To cure it from this situation EPFO has been permitted to invest in equity and equity linked instruments up to 15% of its collected fund. Permission has been granted since August 2015. EPFO is currently investing only 5% of its fund in equity. 5% of the Employees provident fund is equivalent to the amount of Rs. 7,500 crore. Till now this investment has been generated up to 12% return of approximately 12%, disclosed by the labor secretary.
Remaining 95% fund has been invested in Government securities and generated the return of about 7.5% to 8%..If capital market is giving such a good return to the Employees Provident Funds, this will help in increase the return to the employees.
EPFO is long term investment fund this feature of EPFO yield better return by investing in equity.
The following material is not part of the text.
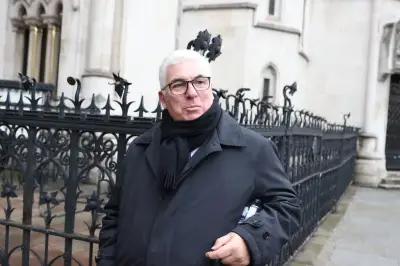 Le père d'Amy Winehouse débouté en justice face à deux amies de la chanteuse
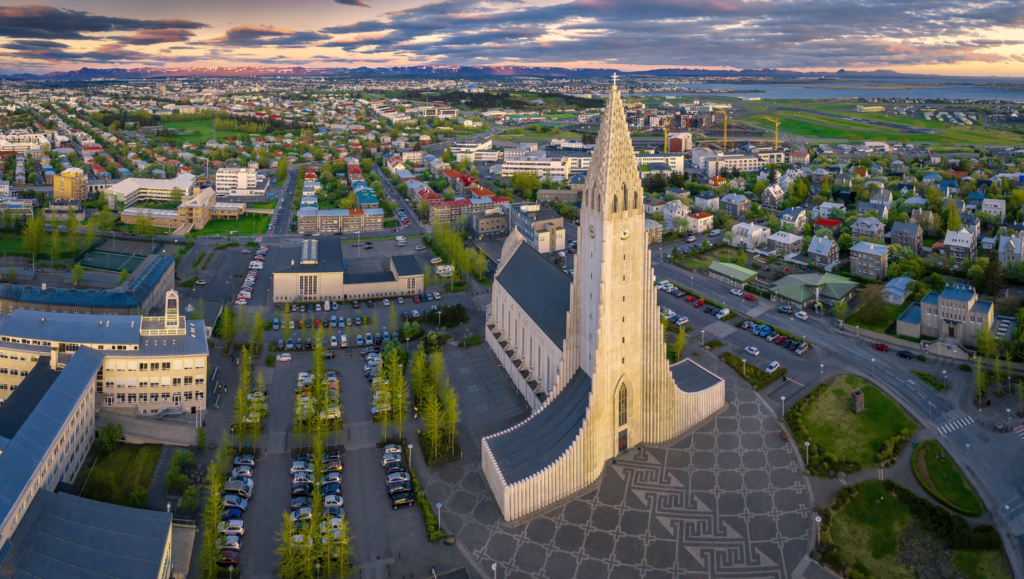 Reykjavík e l'iconica chiesa e forma di cascata (copyright Business Iceland)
In long-term equity is the surest way to beat the inflation and give better return.But Investors of the EPFO are worrying about the decision of investing in capital market because it is a general tendency that equity is more volatile market and there is a high risk in investing in capital market.
Data shows that the average inflation last year was 5.05% and Employees Provident Fund is a long-term investment instrument so it averages out the cycle of high and low inflation and gives better return.To earn more than the average return equity should be a part of almost every long-term investment. And Employee Provident Fund is a long-term investment avenue.
As of now Equity to debt portion of Employees Provident Fund is 10:90, and Employee Provident Fund is investing only 5% of its fund. In future this percentage can vary up to 15%. But to increase the equity base more than the range of 5% to 15% will not be the good idea. This will increase the risk to the fund.
Equity and debt cover the negativity of each other so it is better combination for every long-term investment avenues. The reason is Debt fund and interest rates are negatively correlated to each other, so when interest fall equity performs well and cover the loss portion of Debt fund and vice-versa. Pension funds also invest in the combination of equity and debt.